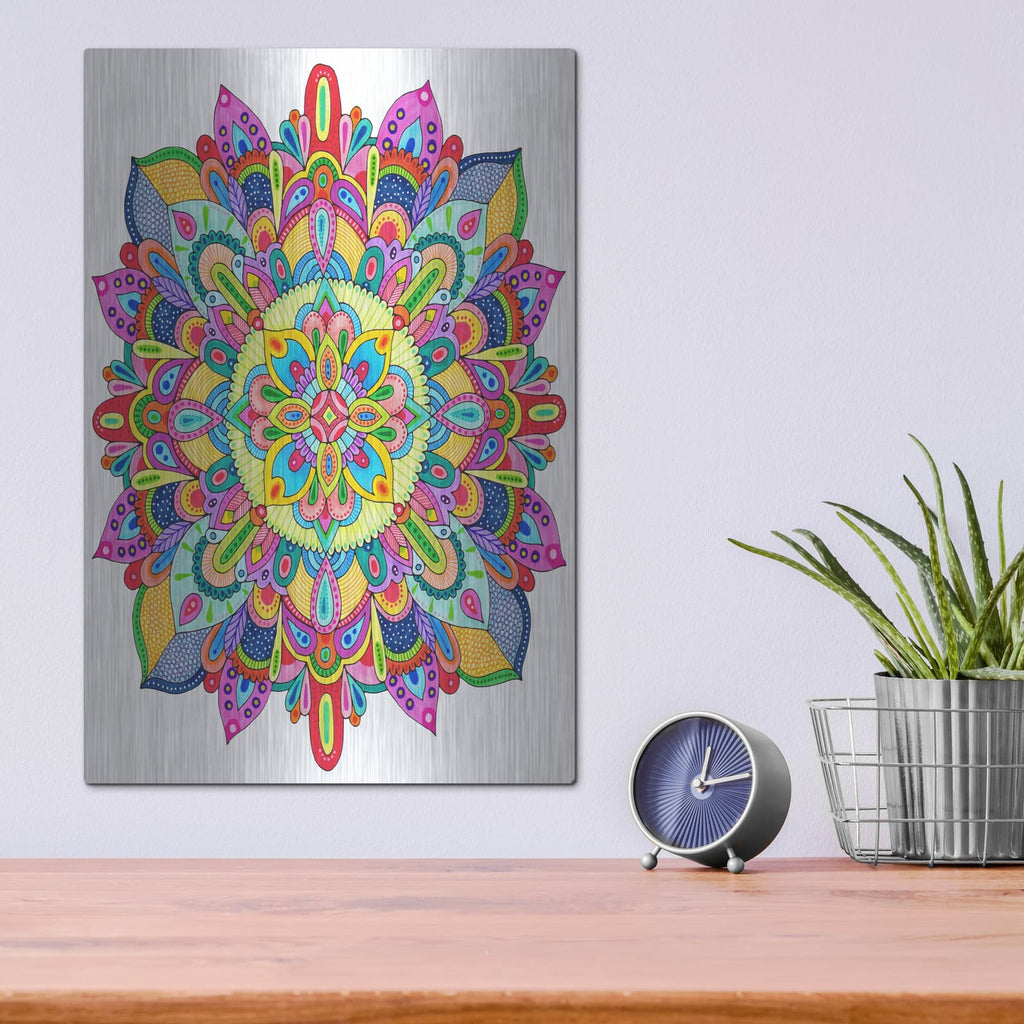 'Mandala Surprise' by Hello Angel – Metal Wall Art, 12x16 room view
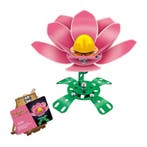 Nieuw Metalen Constructieset Roze Klaproos, Ophalen of Verzenden, Nieuw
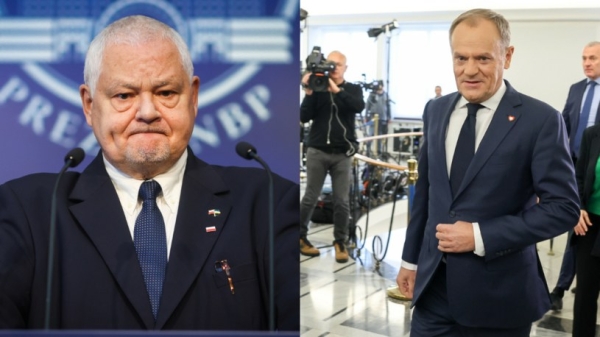 Donald Tusk zabrał głos ws. ewentualnego postawienia Adama Glapińskiego przed Trybunałem Stanu /JACEK DOMINSKI/ANDRZEJ IWANCZUK /Reporter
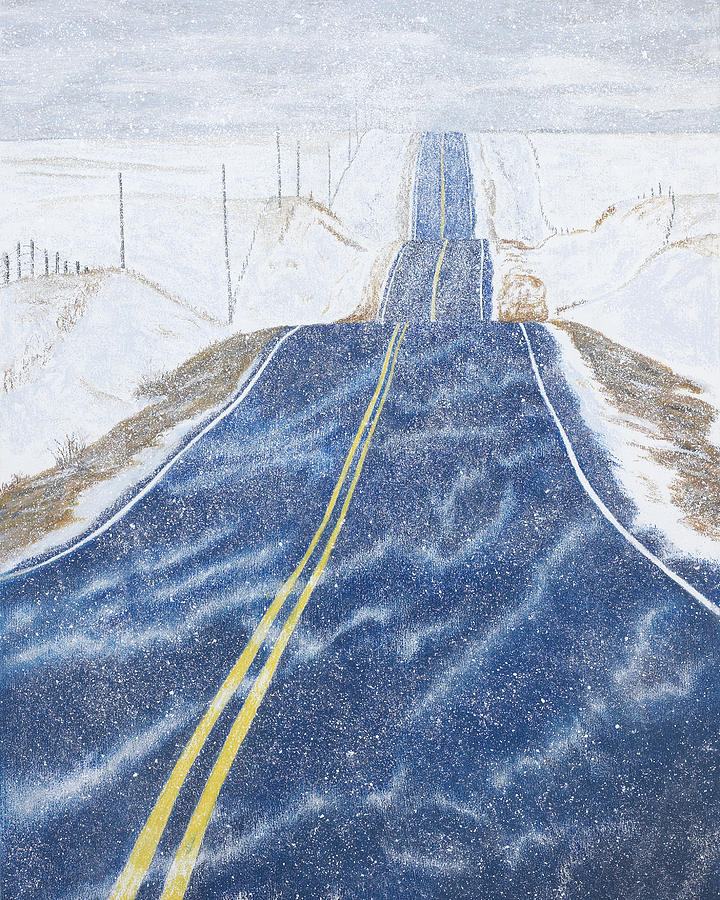 Lonesome Highway Painting by Garry McMichael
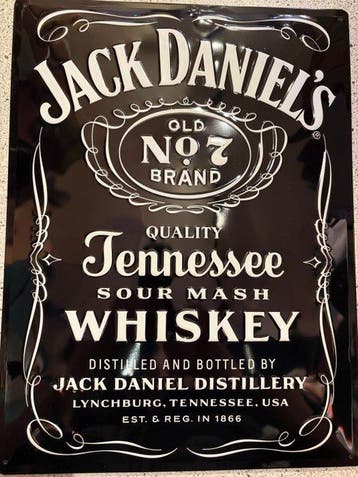 Jack Daniels - Panneau publicitaire Jack Daniels. - Panneau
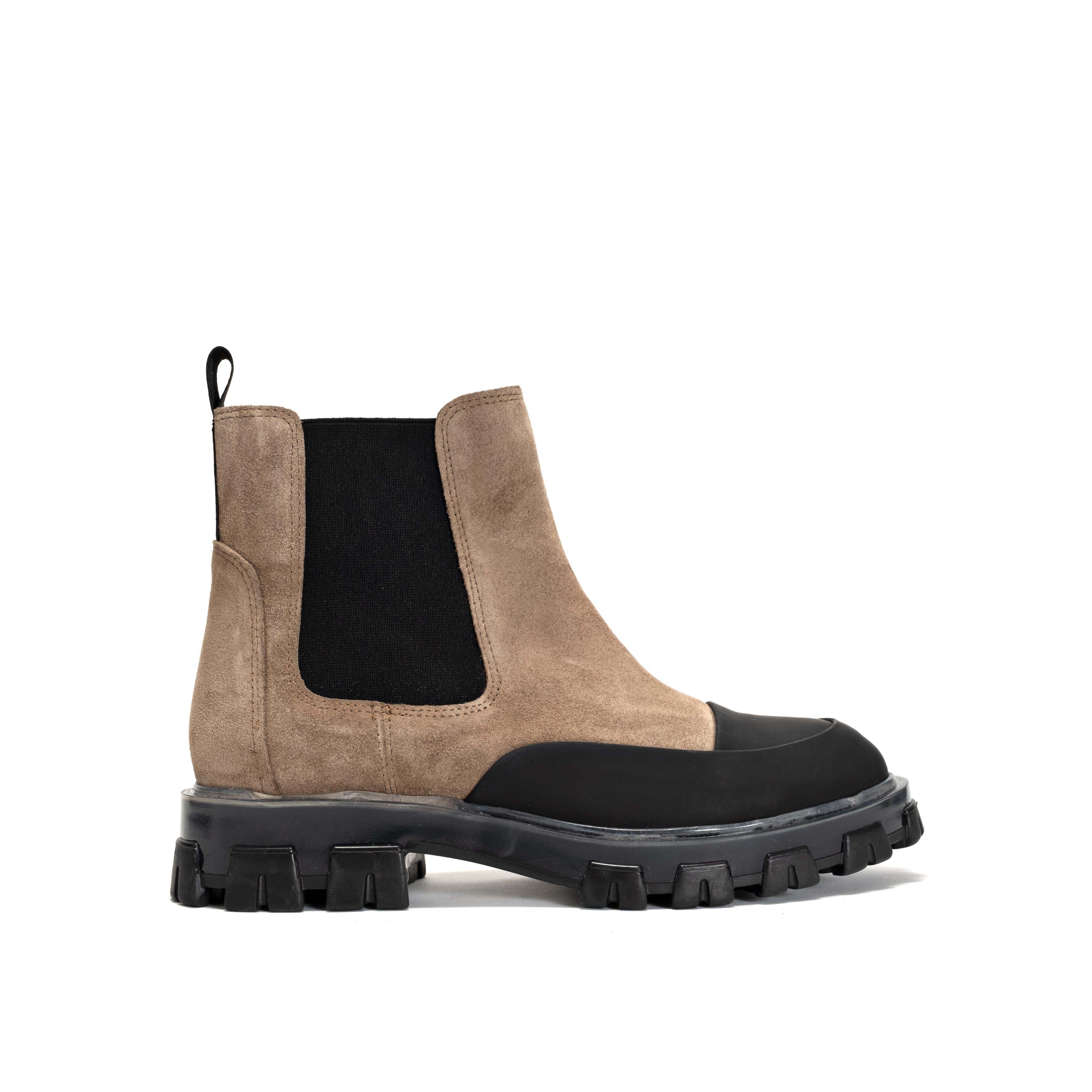 Elice Calf suede Sage grey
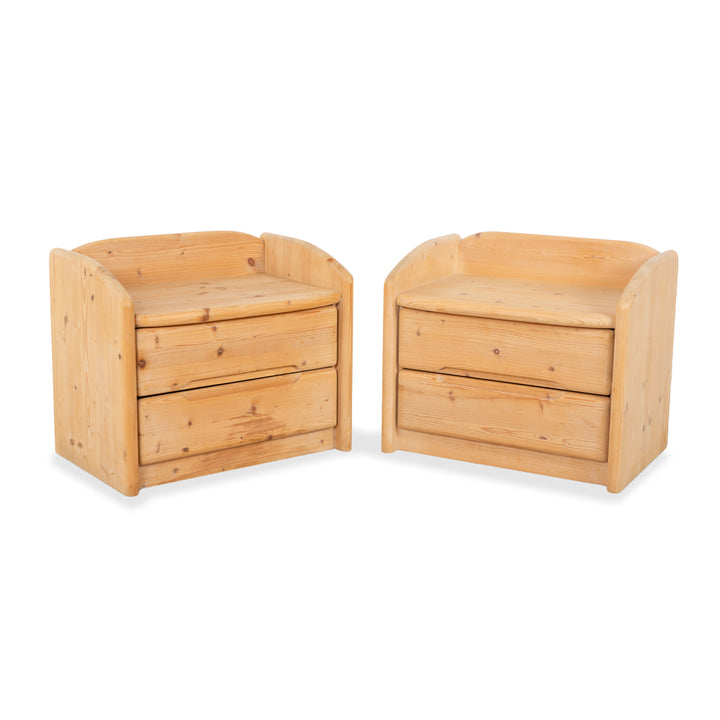 Team7 Holz 2x Nachttisch Tisch Braun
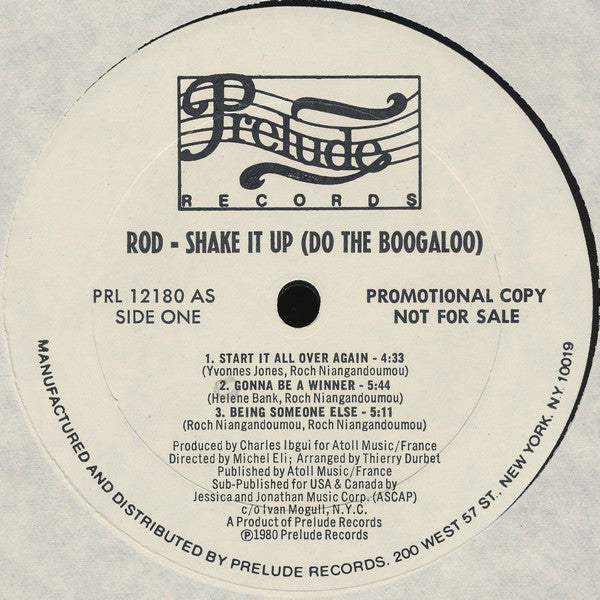 Rod : Shake It Up (Do The Boog-a-loo) (LP, Album, Promo)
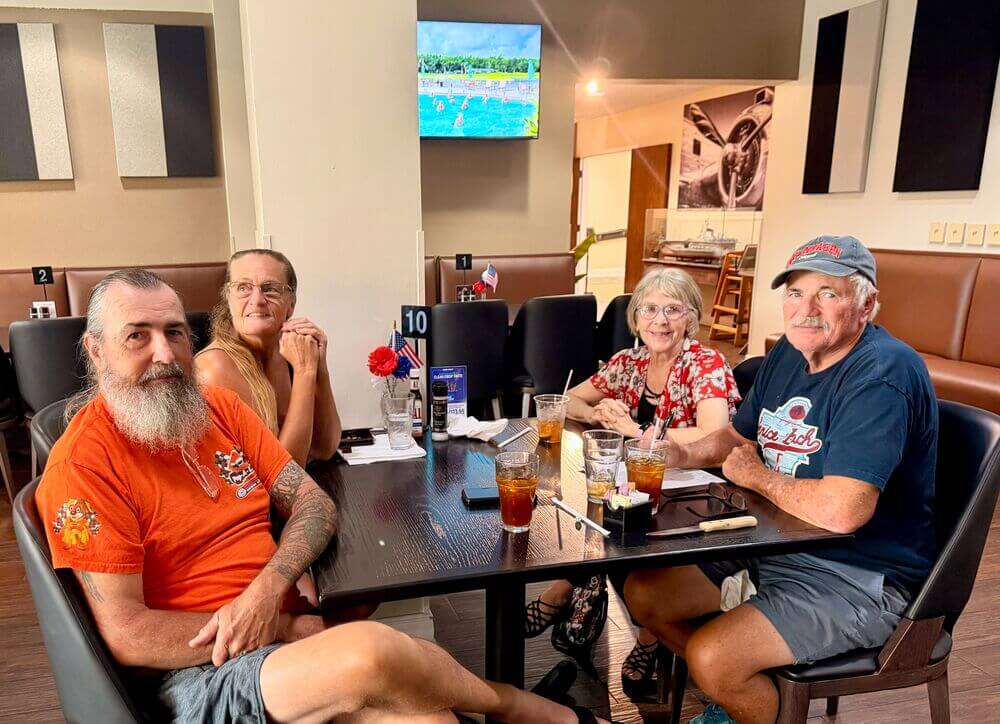 Residents having drinks and playing trivia at Big Cypress Grill in Lakeland, Florida.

* * * *

Task item:
For this copy, leave pictures out and reproduce the lines from the one bearing "Elice Calf suede Sage grey" through the final line of the listing above, both ends included.

Answer section:
 Elice Calf suede Sage grey
 Team7 Holz 2x Nachttisch Tisch Braun
 Rod : Shake It Up (Do The Boog-a-loo) (LP, Album, Promo)
 Residents having drinks and playing trivia at Big Cypress Grill in Lakeland, Florida.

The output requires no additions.